TASK TO COMPLETE —
Exactly and without additions, transcribe the line that contains "Royal Delft - Mosa" and every line after it in the data.

PROVIDED MATERIAL —
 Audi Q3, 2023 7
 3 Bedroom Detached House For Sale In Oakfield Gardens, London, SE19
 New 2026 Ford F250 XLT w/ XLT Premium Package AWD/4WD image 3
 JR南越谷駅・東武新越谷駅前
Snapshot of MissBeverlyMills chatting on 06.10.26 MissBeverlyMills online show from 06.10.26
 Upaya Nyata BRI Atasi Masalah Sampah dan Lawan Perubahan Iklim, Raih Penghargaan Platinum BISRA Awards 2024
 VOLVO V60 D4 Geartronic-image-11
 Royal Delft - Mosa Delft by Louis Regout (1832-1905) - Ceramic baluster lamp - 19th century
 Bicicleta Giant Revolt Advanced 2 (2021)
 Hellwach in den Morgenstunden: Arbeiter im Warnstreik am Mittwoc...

ANSWER SPACE —
 Royal Delft - Mosa Delft by Louis Regout (1832-1905) - Ceramic baluster lamp - 19th century
 Bicicleta Giant Revolt Advanced 2 (2021)
 Hellwach in den Morgenstunden: Arbeiter im Warnstreik am Mittwoc...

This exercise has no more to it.